The Living Gods - Kulasai Dussehra
The Living Gods – Kulasai Dusshera investigates the intersection of ritual, devotion, and everyday life in a small coastal town in Tamil Nadu.
For ten days each year, ordinary villagers transform into living goddesses, surrendering their bodies to paint, piercings, trance, and dance. I documented this convergence of myth and humanity — the charged atmosphere of temple courtyards, the endurance of families sleeping on the sand, and the release of joy as devotees leapt into the ocean at dawn.

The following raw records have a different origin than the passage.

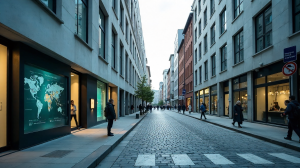 Videoüberwachung, ICE-Razzien, KI-gestützte Technologien im Einsatz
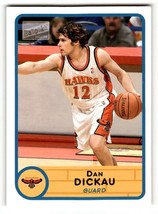 2003 Bazooka #212 Dan Dickau    Atlanta Hawks Basketball Cards EX/NM ID:58762 - $1.67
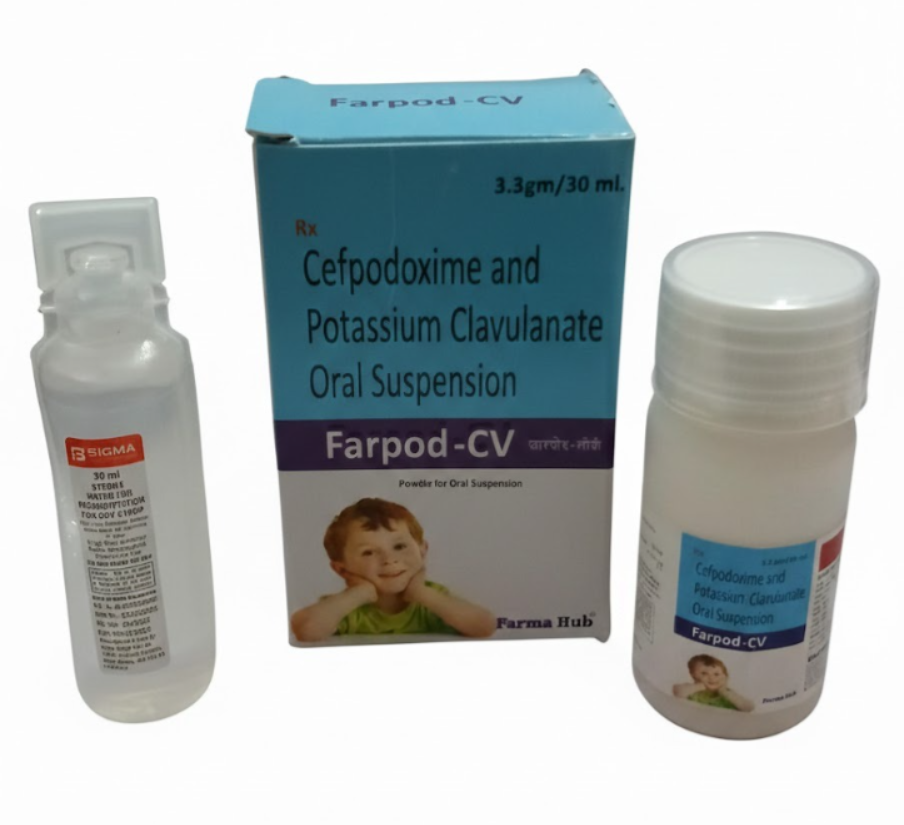 Farpod CV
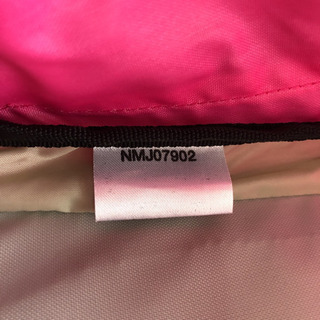 ノースフェイス キッズサマーキャンプパック 37Lの画像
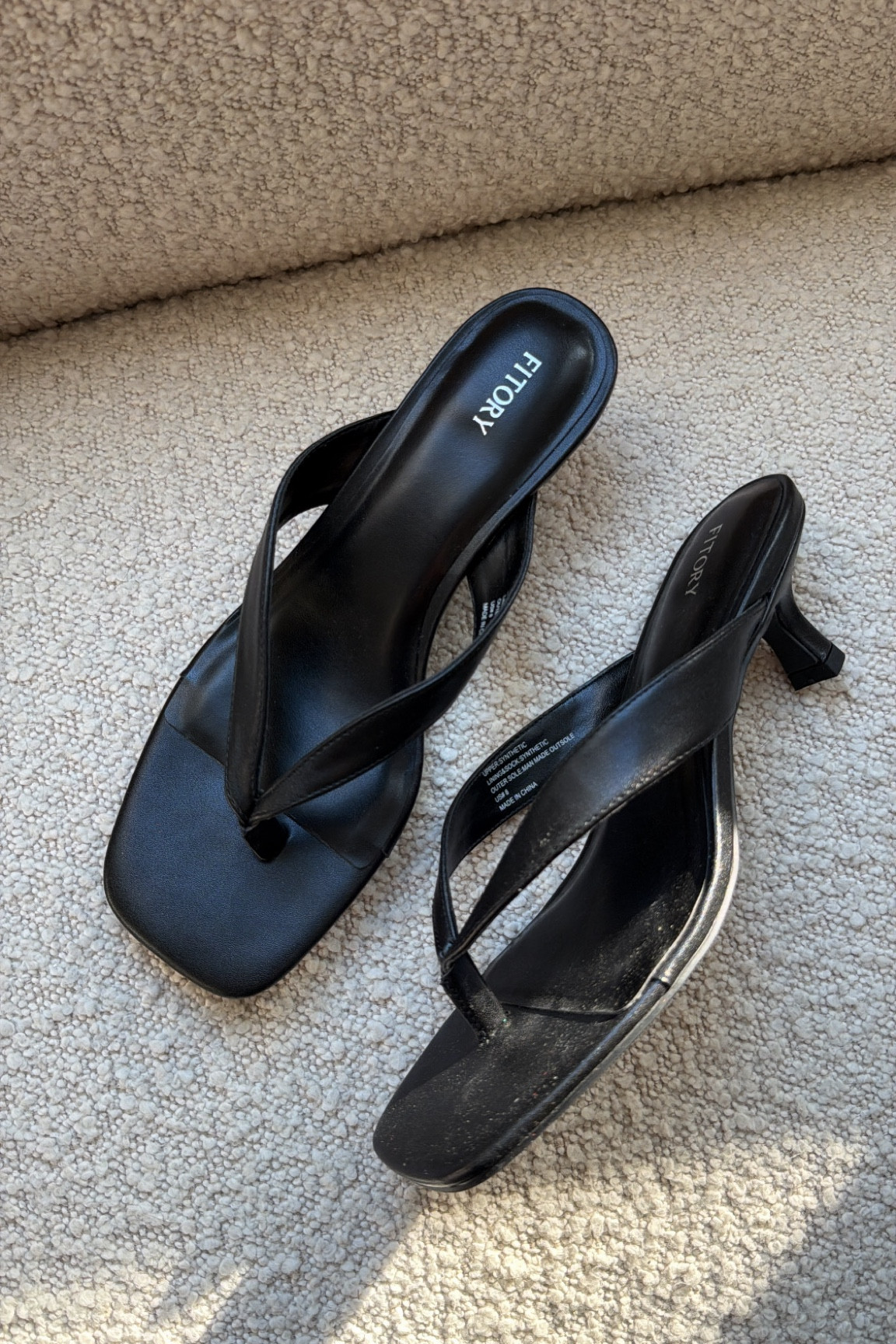 Black kitten heels that are actually comfortable, run tts. Shoes, summer, date night.

#LTKSaleAlert #LTKootd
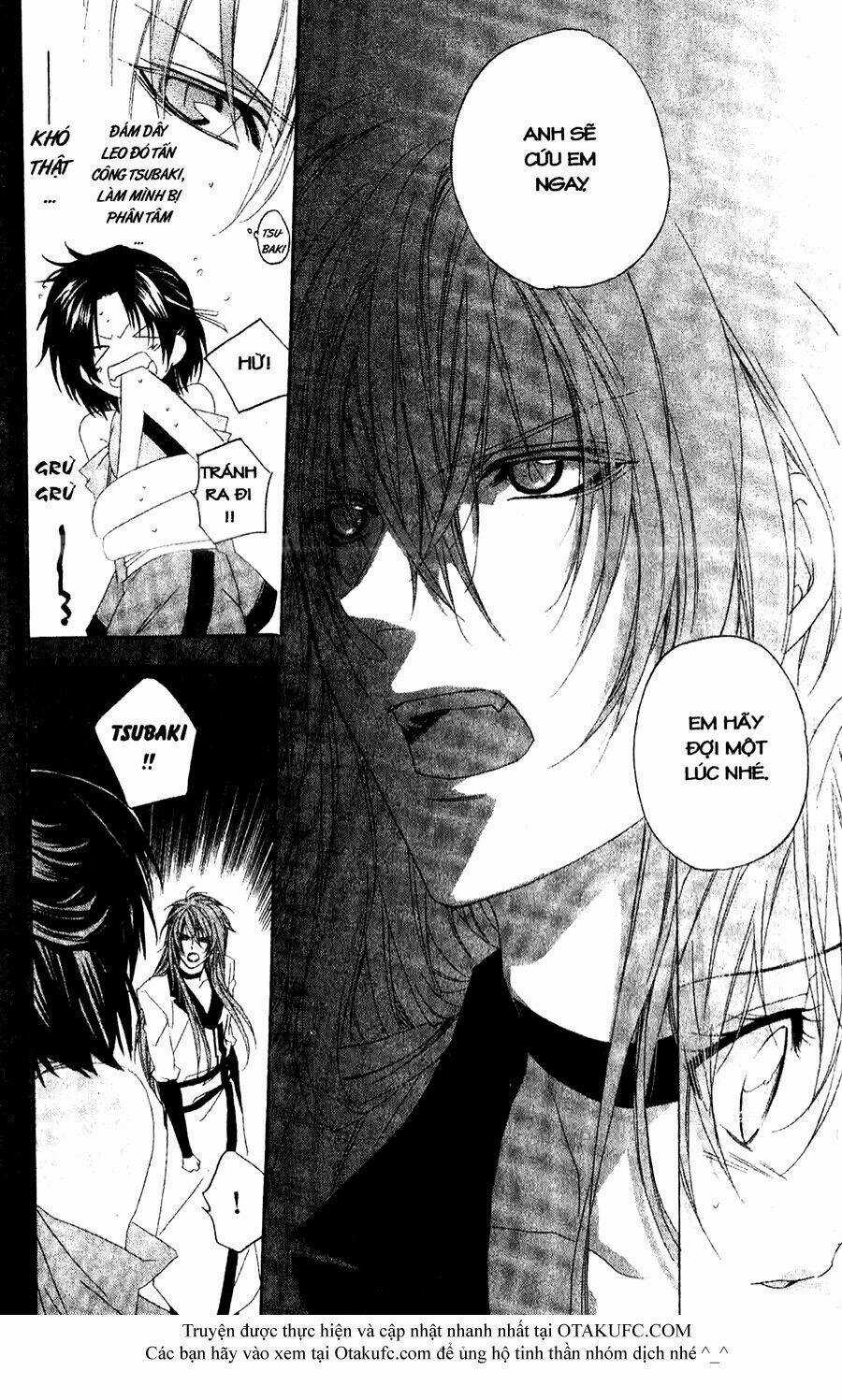 High & High Chapter 26 trang 27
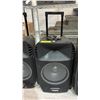 Image 3 : 4 PORTABLE SPEAKERS *NO CHARGERS/WORKING CONDITION UNKNOWN/MAY BE MISSING PARTS & OR PIECES*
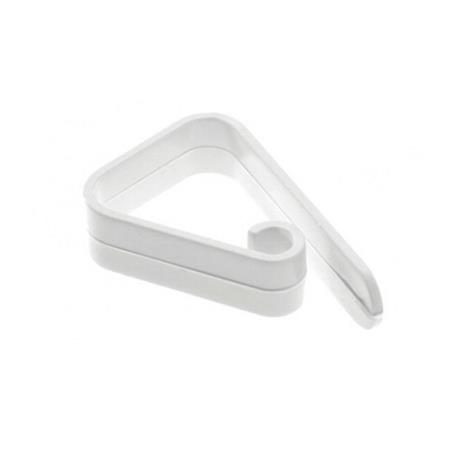 Pinza Sujeta Manteles Blanca PS /1000
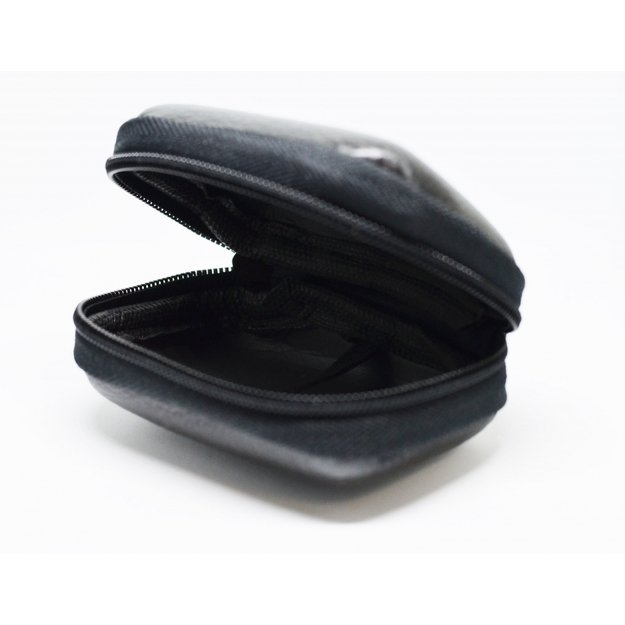 Baterijų dėklas su užtrauktuku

The rituals of Kulasai have been widely observed, yet the mainstream narrative often reduces them to spectacle. This series underlines that the power of Kulasai lies not only in its costumes and ceremonies, but in the unseen currents between people, goddess, and place. By weaving these threads into a visual narrative, the project engages audiences in a broader conversation about transformation, resilience, and the porous boundary between the divine and the everyday.
In a world accelerating with rapid technology and modern change, Kulasai felt like stepping years back in time. Getting off a flight and within two hours being transported into a place where myth lived in bodies and devotion filled the streets was disorienting, almost unbelievable. It took me a day to settle in and accept what I was witnessing — a community where ritual was not performance but lived reality, where the divine was carried in ordinary hands.